CBS 2 Investigator Dorothy Tucker digs deeper into problems with the marina, which also is accused of holding another woman’s boat hostage after she paid thousands of dollars to buy it from Cal Side.

Burns sold her beloved party boat last July. It has two bedrooms and two full bathrooms.

“I had the $27,500. I had a signed bill of sale,” she said.

But on the day the buyer was supposed to get it, something happened with the engine.

“I felt kind of obligated, because that’s just who I am. I just wanted to make good on the sale,” Burns said.

Although the boat was sold ‘as is,’ Burns agreed to have Cal Side Marina manager Tommy Long fix the boat.

“He promised me that he was going to take care of everything,” Burns said.

Burns said she was told the bill came to $10,000, but she never received any paperwork. Her insurance paid $3,000 for the repairs, and she paid $7,000.

She kept the voice mail messages Long left her in May 2019, when he told her the work was completed, and the engine was running again, and he would test it so it could be turned over to the buyer.
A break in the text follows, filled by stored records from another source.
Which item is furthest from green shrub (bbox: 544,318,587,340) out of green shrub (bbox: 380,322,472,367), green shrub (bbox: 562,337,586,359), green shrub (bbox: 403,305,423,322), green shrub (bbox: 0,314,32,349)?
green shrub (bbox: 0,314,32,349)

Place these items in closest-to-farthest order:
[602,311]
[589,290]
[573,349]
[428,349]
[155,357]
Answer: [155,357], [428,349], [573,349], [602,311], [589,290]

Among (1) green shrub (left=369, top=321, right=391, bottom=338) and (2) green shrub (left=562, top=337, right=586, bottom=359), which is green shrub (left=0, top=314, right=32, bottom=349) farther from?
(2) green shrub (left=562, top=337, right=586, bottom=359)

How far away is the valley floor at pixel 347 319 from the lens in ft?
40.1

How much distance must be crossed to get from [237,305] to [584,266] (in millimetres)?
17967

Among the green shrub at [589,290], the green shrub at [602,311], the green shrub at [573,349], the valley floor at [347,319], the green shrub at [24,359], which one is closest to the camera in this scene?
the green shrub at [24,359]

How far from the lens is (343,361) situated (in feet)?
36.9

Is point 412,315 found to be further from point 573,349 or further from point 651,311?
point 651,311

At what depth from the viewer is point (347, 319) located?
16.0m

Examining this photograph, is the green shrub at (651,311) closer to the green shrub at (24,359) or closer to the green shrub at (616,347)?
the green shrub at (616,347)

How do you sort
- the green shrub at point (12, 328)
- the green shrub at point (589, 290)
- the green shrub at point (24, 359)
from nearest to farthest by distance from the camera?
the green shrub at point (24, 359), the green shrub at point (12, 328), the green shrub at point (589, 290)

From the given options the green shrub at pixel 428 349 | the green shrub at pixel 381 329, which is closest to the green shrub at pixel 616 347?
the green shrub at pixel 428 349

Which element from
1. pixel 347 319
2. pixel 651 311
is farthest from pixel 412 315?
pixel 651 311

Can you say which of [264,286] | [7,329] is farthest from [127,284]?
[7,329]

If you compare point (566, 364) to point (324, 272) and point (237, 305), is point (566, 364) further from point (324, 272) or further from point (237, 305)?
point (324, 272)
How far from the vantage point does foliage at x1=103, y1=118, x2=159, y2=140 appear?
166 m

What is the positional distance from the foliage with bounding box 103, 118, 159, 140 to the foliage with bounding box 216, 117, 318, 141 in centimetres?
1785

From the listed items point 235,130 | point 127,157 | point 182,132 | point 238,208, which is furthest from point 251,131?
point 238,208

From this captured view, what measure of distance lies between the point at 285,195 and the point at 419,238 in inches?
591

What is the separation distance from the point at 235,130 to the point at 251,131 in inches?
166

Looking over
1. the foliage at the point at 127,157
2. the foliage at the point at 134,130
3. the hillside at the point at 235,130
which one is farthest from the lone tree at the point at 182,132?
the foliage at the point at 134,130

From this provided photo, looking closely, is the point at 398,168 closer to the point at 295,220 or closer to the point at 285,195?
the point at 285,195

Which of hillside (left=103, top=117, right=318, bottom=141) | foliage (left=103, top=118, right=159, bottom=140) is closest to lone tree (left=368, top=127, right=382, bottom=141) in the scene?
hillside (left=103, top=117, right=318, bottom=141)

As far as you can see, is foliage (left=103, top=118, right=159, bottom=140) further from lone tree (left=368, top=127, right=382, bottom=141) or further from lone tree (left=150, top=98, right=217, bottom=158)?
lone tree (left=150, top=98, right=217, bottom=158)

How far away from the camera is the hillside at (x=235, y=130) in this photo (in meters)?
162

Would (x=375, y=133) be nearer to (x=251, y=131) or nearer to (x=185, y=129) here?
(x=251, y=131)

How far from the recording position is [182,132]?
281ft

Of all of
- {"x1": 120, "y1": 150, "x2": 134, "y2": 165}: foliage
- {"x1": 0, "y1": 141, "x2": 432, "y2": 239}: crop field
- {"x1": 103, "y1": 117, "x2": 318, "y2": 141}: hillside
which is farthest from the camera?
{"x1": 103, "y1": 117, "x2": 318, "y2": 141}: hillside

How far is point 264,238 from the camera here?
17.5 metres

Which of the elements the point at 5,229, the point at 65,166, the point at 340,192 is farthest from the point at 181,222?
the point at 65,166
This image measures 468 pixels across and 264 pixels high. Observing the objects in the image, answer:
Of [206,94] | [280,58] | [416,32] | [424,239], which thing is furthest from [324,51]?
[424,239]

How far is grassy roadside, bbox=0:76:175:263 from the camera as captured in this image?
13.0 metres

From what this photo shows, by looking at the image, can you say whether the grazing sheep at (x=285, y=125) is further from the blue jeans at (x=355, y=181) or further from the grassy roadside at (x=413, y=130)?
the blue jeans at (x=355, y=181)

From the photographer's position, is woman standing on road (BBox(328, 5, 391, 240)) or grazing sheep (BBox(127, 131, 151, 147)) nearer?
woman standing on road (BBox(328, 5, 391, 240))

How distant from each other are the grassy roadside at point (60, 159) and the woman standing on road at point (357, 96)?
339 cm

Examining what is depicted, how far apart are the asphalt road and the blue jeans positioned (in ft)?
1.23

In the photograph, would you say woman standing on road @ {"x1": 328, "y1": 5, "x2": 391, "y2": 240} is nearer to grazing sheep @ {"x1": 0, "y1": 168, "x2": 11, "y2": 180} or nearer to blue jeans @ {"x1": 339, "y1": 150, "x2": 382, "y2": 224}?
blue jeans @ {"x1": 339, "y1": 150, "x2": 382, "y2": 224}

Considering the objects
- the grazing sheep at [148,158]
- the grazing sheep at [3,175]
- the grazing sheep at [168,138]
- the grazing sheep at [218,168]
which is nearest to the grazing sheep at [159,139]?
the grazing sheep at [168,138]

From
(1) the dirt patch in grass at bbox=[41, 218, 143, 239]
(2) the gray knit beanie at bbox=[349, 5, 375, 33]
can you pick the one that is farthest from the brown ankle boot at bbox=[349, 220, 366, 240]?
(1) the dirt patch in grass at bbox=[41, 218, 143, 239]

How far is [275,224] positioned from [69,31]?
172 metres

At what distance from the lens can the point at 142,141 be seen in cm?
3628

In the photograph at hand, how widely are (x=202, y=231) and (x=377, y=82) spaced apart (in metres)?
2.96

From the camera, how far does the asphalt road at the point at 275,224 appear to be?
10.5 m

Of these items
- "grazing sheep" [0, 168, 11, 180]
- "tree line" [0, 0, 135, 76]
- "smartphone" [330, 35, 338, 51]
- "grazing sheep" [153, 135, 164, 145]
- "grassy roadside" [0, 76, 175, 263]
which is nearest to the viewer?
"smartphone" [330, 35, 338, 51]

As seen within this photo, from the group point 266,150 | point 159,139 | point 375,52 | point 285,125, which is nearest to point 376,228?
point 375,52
“Hopefully tomorrow afternoon I’ll put it in the water,” Long told her. “I’ll drive it for a day or two and he can have it back before the weekend.”

That never happened. Instead of the buyer getting the boat, Burns was told she still owed $8,000.
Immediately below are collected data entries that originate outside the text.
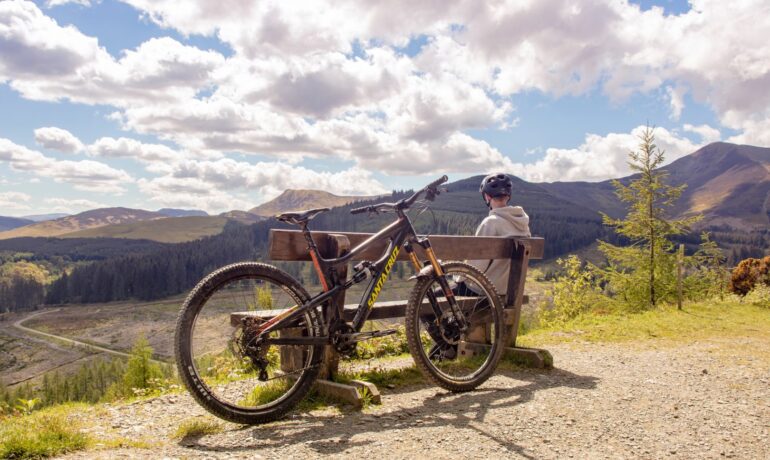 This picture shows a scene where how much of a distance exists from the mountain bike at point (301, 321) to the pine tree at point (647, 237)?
16.0 metres

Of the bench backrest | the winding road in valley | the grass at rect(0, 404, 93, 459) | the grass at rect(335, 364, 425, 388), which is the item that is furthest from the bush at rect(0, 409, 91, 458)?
the winding road in valley

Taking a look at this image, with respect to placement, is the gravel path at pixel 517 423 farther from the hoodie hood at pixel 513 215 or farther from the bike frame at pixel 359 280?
the hoodie hood at pixel 513 215

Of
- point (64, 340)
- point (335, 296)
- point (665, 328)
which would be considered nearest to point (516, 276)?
point (335, 296)

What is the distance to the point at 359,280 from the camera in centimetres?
578

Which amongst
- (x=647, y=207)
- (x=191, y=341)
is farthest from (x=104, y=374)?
(x=191, y=341)

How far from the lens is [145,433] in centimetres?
490

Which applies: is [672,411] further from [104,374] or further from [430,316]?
[104,374]

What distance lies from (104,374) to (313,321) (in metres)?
101

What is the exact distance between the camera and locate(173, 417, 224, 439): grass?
184 inches

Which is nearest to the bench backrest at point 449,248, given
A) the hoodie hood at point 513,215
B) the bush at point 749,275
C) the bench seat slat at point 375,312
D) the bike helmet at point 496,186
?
the hoodie hood at point 513,215

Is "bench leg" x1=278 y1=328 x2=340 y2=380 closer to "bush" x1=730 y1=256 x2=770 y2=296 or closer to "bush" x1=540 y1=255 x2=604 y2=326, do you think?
"bush" x1=540 y1=255 x2=604 y2=326

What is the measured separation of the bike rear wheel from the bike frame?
0.40 ft

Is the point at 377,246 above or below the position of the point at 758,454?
above

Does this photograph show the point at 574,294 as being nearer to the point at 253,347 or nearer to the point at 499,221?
the point at 499,221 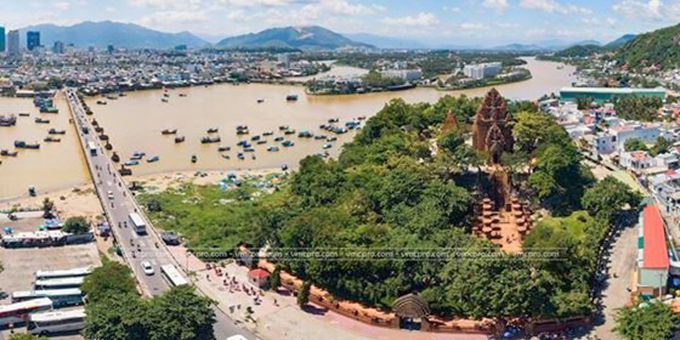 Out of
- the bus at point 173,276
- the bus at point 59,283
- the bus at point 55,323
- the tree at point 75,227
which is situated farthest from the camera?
the tree at point 75,227

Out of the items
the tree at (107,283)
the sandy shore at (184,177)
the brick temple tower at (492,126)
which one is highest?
the brick temple tower at (492,126)

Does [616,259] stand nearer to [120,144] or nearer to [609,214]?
[609,214]

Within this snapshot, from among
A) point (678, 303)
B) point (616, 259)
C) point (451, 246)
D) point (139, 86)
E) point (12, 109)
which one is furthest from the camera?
point (139, 86)

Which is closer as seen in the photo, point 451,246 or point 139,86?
point 451,246

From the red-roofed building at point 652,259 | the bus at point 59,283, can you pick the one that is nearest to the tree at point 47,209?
the bus at point 59,283

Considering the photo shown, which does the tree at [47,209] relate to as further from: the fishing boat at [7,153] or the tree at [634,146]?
the tree at [634,146]

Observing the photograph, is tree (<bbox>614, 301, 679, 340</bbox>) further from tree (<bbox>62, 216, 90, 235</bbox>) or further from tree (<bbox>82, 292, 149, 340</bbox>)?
tree (<bbox>62, 216, 90, 235</bbox>)

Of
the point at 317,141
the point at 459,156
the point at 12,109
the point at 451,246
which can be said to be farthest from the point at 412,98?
the point at 451,246

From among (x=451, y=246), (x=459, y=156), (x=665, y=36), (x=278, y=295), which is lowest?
(x=278, y=295)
“He calls me the day that they’re going to drop it in the evening, saying, ‘Well, we’re not going to drop the boat.’ I was like, why?” Burns said.
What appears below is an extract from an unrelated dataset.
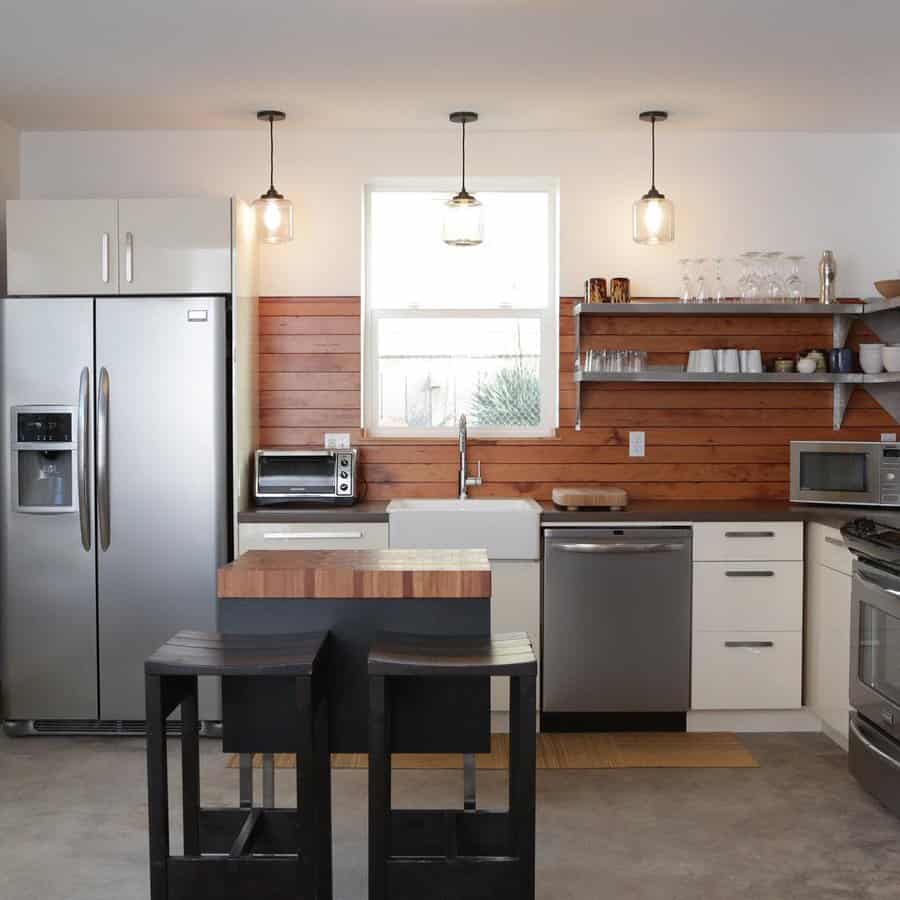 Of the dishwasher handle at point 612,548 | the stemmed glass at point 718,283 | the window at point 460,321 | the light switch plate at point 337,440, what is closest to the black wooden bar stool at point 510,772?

She said Long told her the owner claimed she still owed a balance on the repairs, but Long couldn’t explain why.

Long slammed a door in Tucker’s face when she tried to find out.

Burns called marina owner Steve Brown, but she said that conversation didn’t go well.

“He just outbursts. ‘Shut up. Shut up. Shut up talking to me. Your bulls***,” she said.

Burns said, eventually the managers at Cal Side Marina sent her an estimate, not a bill, showing $10,000 paid and $8,000 owed. It was dated May 1, but wasn’t sent until May 31.

She refused to pay any additional money, and claimed Brown threatened he wouldn’t release the boat to her.

The buyer has sued Burns to get his boat or his money back.

“It’s stressful,” Burns said. “I’ve done everything I could possibly do, and I’m not getting anywhere.”

Burns blamed Cal Side.

“To me, they’re crooks. They’re crooks,” she said.

She has filed complaints with the Better Business Bureau and Burnham police.

The Better Business Bureau closed her complaint after Cal Side didn’t respond.

Right now, it’s buyer beware for boats nationwide. Since 2011, some states have passed a “Carfax for Boats” law, requiring the titles to be marked for boats that have been damaged. It’s an effort to alert buyers of problems.

Only four states and the District of Columbia have adopted the law. Illinois has not.